A database of nearly five million usernames and passwords for Google accounts has been leaked on a Russian forum, but Google claims it is more likely the result of phishing attacks than a breach on its systems.
The database originally appeared on a Bitcoin-related forum earlier this week, with its uploader claiming around 60 per cent of the 4.9 million username and password combinations were valid. In its own analysis, Google has claimed that the figure far from accurate. '
We found that less than two per cent of the username and password combinations might have worked,
' the company has claimed in a statement
on the leak, 'and our automated anti-hijacking systems would have blocked many of those login attempts. We’ve protected the affected accounts and have required those users to reset their passwords.

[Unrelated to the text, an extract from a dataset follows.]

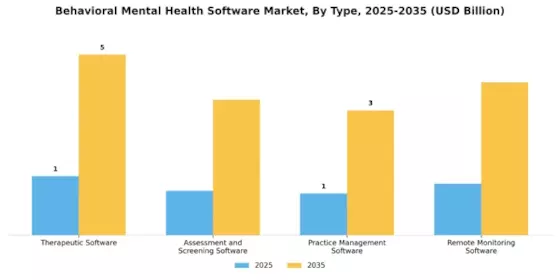 Behavioral Mental Health Software Market Segment Image 3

Google wasn't alone in being targeted by the uploader: databases of 4.7 million Mail.ru and 1.3 million Yandex accounts, both claimed to be of equally low quality by the respective companies, were also posted on the same forum. All companies involved have the same advice: users concerned should change their passwords, including on other sites where the same username and/or password is used, while those on Google should activate the company's two-factor authentication system
to provide additional protection against account hijacking.

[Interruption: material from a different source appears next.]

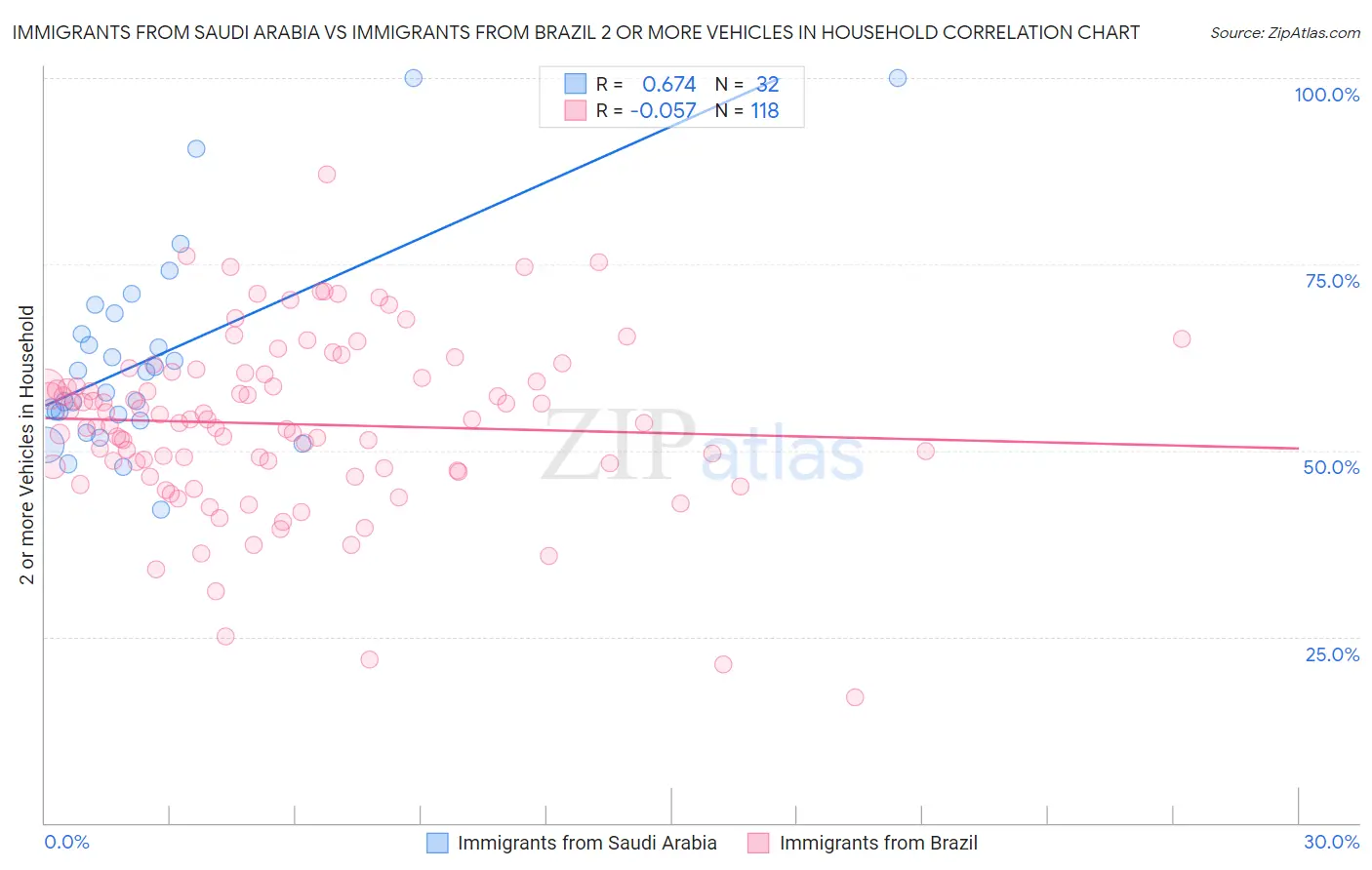 Immigrants from Saudi Arabia vs Immigrants from Brazil 2 or more Vehicles in Household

Google's claim that the giant database was the result of information gathered by phishing attacks over a long period is believable, industry experts have claimed. 'While it does seem likely that the logins have been rolled up from older phishing campaigns,
' Chris Boyd of security firm Malwarebytes told us in an emailed statement, 'it is a timely reminder to ensure everybody is using strong, unique passwords for all of their web services and making use of two factor authentication whenever possible.